[Records shown Boundary: Start]
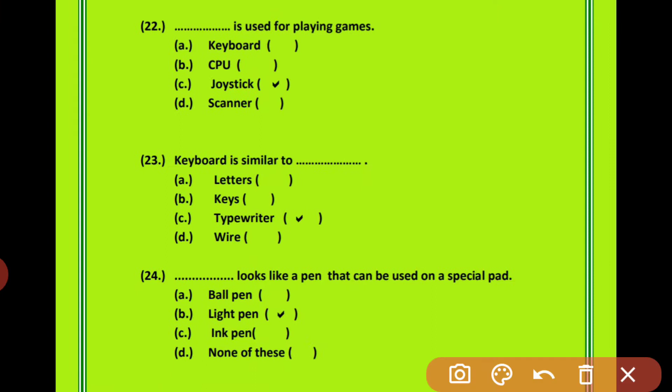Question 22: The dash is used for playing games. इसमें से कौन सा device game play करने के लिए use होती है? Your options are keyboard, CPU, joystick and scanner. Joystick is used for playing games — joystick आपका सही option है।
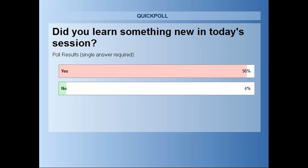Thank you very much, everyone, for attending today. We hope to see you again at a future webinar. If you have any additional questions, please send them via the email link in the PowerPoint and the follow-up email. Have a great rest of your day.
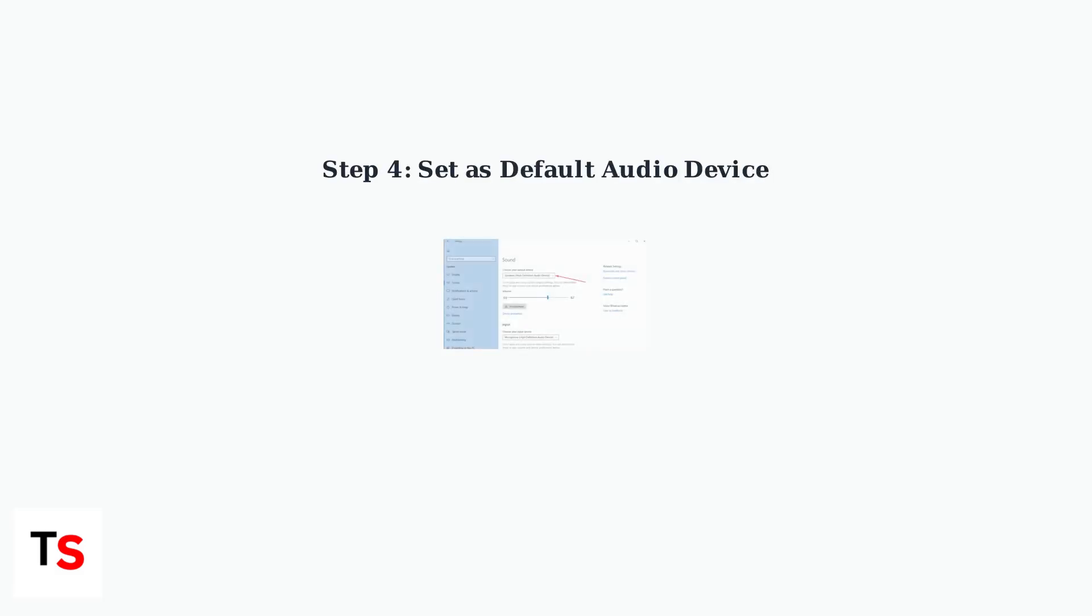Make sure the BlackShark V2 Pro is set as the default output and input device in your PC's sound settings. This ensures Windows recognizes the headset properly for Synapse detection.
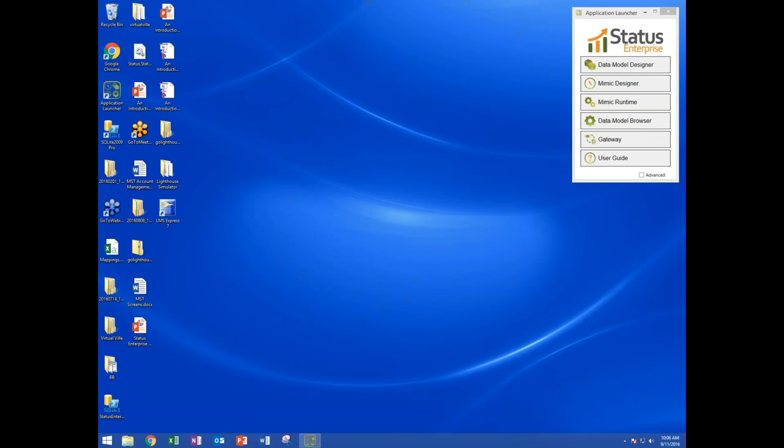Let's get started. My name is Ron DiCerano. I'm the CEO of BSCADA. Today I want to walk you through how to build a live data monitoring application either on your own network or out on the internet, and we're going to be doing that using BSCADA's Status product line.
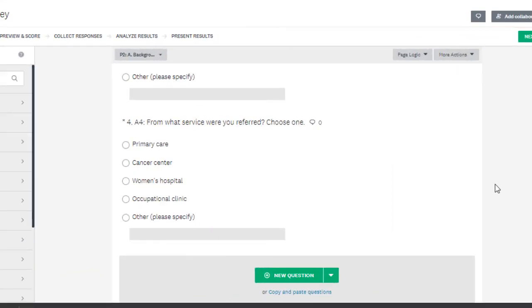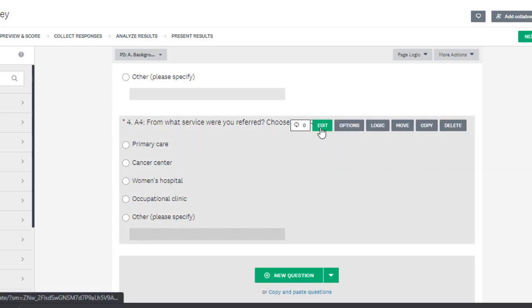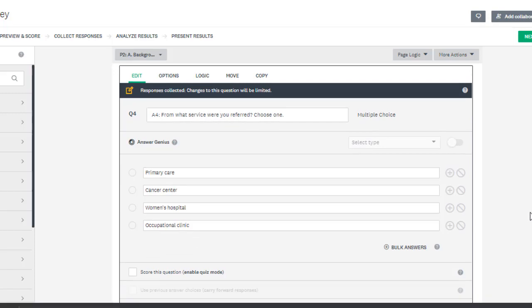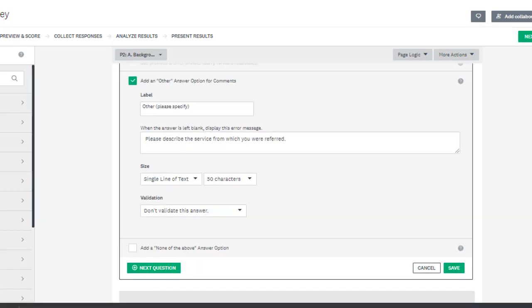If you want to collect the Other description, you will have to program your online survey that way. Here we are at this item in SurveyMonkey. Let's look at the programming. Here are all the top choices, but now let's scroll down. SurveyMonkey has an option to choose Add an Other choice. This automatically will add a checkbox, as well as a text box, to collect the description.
[Records shown Boundary: End]
[Records shown Boundary: Start]
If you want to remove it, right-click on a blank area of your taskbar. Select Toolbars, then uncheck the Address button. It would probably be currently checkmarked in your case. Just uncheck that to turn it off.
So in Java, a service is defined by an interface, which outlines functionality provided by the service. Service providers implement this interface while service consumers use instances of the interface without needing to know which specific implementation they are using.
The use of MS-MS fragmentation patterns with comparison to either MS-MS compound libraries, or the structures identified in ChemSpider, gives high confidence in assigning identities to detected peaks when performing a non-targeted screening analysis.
[Records shown Boundary: End]
**What the task requires**
For the lines above, output exactly those from the line containing "If you want to remove" through the line containing "The use of MS-MS", and skip the others.

**Answer section**
If you want to remove it, right-click on a blank area of your taskbar. Select Toolbars, then uncheck the Address button. It would probably be currently checkmarked in your case. Just uncheck that to turn it off.
So in Java, a service is defined by an interface, which outlines functionality provided by the service. Service providers implement this interface while service consumers use instances of the interface without needing to know which specific implementation they are using.
The use of MS-MS fragmentation patterns with comparison to either MS-MS compound libraries, or the structures identified in ChemSpider, gives high confidence in assigning identities to detected peaks when performing a non-targeted screening analysis.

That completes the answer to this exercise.